**Data to process**
.....

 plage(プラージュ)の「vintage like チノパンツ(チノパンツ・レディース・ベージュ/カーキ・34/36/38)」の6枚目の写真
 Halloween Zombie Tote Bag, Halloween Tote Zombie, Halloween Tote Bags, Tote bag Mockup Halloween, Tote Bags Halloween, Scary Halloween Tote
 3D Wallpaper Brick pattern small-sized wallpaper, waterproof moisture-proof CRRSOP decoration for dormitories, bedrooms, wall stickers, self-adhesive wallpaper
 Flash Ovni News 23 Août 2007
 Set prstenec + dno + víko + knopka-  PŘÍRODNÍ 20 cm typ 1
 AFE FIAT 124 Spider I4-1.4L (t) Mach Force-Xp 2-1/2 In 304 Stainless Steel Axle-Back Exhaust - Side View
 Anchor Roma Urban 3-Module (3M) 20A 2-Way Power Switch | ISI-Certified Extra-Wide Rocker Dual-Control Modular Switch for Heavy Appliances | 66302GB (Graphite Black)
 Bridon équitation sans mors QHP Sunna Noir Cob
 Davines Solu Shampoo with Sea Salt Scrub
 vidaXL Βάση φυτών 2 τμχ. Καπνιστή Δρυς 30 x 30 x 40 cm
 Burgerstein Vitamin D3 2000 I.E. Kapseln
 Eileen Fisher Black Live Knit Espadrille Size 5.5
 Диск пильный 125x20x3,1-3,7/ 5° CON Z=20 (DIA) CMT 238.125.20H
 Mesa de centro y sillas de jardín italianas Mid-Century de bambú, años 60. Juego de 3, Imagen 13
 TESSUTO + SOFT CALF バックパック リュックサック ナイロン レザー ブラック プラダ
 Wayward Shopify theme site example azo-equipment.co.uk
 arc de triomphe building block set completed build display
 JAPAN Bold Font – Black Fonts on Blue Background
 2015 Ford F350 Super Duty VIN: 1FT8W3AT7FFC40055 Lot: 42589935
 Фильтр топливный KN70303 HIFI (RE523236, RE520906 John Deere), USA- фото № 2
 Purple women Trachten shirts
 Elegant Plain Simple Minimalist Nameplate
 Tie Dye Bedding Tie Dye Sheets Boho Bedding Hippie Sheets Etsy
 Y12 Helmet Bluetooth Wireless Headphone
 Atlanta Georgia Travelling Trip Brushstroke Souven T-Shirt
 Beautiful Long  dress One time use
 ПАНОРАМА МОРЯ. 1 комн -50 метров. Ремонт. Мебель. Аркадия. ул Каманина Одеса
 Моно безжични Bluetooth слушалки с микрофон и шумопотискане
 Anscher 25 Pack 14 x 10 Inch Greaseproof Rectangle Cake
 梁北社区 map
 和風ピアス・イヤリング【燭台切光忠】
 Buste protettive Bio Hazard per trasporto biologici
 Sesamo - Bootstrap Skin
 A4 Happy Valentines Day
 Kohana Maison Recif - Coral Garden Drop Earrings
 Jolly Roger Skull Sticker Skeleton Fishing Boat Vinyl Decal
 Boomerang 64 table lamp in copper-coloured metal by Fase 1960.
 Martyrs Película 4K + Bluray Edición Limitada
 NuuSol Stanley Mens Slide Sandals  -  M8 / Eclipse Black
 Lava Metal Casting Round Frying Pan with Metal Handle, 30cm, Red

.....

**Task item**
Among the entries above, how many lines hold the string "Black"? Answer with the bare number.

**Reply**
4